[Data items]

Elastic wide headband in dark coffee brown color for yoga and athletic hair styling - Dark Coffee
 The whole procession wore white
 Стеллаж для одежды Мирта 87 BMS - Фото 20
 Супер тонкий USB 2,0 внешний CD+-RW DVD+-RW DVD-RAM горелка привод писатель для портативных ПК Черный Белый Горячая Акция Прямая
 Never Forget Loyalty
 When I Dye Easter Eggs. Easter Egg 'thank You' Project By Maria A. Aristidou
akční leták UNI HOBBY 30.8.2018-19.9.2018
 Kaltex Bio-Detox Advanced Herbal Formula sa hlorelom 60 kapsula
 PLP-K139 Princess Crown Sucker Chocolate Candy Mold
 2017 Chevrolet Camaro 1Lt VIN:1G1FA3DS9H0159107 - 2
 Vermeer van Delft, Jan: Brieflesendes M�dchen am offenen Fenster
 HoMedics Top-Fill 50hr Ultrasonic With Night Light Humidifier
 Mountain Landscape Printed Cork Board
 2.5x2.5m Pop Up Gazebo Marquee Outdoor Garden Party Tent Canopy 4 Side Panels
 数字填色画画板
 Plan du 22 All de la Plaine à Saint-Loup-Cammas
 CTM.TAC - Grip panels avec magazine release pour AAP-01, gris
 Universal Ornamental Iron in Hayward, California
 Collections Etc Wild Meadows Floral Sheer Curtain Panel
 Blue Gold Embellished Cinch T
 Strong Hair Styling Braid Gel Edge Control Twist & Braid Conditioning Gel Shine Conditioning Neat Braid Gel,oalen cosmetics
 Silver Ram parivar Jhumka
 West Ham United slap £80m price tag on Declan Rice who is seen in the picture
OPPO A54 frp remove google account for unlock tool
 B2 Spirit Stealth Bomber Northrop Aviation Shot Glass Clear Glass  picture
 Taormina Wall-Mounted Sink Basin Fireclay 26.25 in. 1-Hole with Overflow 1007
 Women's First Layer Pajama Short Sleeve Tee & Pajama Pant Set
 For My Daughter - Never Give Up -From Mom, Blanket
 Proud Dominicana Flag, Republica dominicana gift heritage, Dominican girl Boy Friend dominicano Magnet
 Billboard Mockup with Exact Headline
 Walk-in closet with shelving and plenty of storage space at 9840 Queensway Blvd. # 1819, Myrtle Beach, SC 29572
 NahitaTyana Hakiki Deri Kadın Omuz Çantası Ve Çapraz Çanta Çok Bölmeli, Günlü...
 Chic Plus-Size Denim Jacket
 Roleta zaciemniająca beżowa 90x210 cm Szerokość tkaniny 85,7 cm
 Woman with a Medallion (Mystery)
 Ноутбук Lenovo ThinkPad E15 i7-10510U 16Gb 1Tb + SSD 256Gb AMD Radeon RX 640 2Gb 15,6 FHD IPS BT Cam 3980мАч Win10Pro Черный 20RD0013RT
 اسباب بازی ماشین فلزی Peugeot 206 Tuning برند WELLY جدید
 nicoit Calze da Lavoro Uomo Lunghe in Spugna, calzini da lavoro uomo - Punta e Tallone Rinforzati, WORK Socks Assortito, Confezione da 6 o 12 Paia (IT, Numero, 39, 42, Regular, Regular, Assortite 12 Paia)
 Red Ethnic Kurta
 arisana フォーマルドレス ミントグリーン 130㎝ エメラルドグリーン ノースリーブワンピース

Description of the task:
Where a line above includes "Черный", copy that line.

Task answer:
 Супер тонкий USB 2,0 внешний CD+-RW DVD+-RW DVD-RAM горелка привод писатель для портативных ПК Черный Белый Горячая Акция Прямая
 Ноутбук Lenovo ThinkPad E15 i7-10510U 16Gb 1Tb + SSD 256Gb AMD Radeon RX 640 2Gb 15,6 FHD IPS BT Cam 3980мАч Win10Pro Черный 20RD0013RT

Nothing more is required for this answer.